Student Self The student self that emerges in both Mexican and Puerto Rican autobiographies suggests that schooling is largely a confusing and/or punishing experience for Latino students. Just what makes this aspect of identity so unrewarding? In general, the autobiographies signaled specific categories of difficulty from which students derived negative evaluations of schooling: language problems, student mobility (movement from one country, city, neighborhood, house, or school), the inherent difficulties of school work, teacher mobility (frequent changes in teachers), discipline situations that included corporal punishment, and embarrassment resulting from interactions with teachers. In reviewing their elementary school years, students typically evaluated a given year in terms of the teacher along with the positive or negative events that transpired during that year. The following excerpts offer some examples:
(On Language Difficulties)
When I went to kindergarten, I was very scared. I started crying and didn't want my mom to go. My teacher would call on me and I would start crying because I didn't know what she was saying (a student who attended his first two grades in Mexico). In third grade I came to Chicago. I did not know any English but they were still teaching me. I felt weird. In fourth grade I still did not know English but I passed. In fifth grade I know a little bit of English. Mr._____ taught me everything I know.2
(On Language Difficulties) That same year we had a lot of substitutes like (names five teachers), and we heard that Mrs. S was going to retire. So we finally, had a teacher Mr. G.3 [see also quotations on p.1].
(Discipline) At the age of six I was in Mrs. P.'s room. She was a scary woman, talk about weirdos. She kept a pet porcupine in her closet. Once I'd gotten in trouble and when ever someone gets in trouble she would send him to the closet with the porcupine. In my third year in school she (the teacher) taught me to count to 100 and she taught me to respect my elders if I would talk, she would pull my ear. Boy, was I scared of her but she showed me how to write my name. When I passed 4th grade I went to __, the meanest teacher I ever had. He use to put tape on my mouth and put me in the coat room and hit me with a ruler across my back.

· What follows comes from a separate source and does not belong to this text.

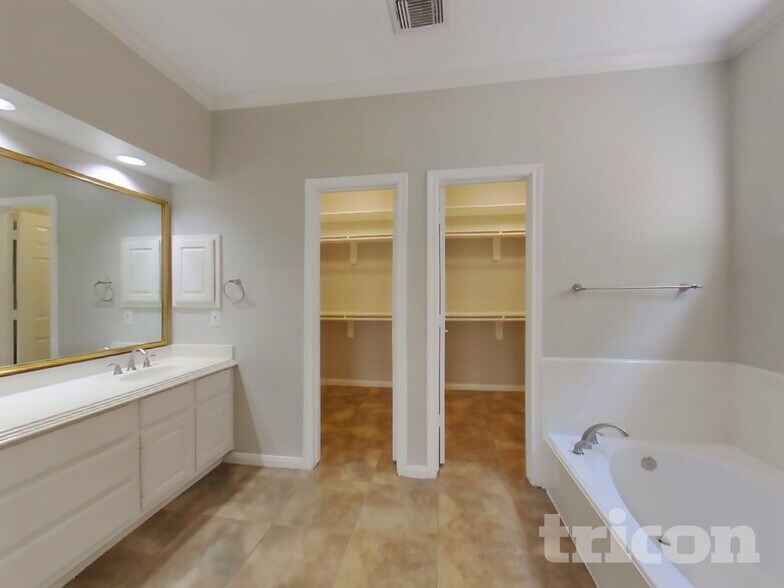 Building Photo - 1507 Moon Shadow Ct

(The Difficulty of the Work) When I got in to fifth through eighth all the games stopped and work began. It had its fun times to but it also had the times when you thought the whole world was coming down on you.4 Students are either appreciative for simply learning to write their name, count to 100, and respect their elders in third grade, or they engage in self blame for their schooling experiences (e.g., "in sixth grade I started to be stupid" or "I got dumber and dumber in school"). Indeed, teachers represent the major school agent that conveys or translates the message of the school to the student, and unfortunately, these narratives are rife with examples of negative translations. Students whose cumulative experiences in elementary school are negative can hardly be expected to have much of a student self and for those who do, it is typically expressed as a negative self.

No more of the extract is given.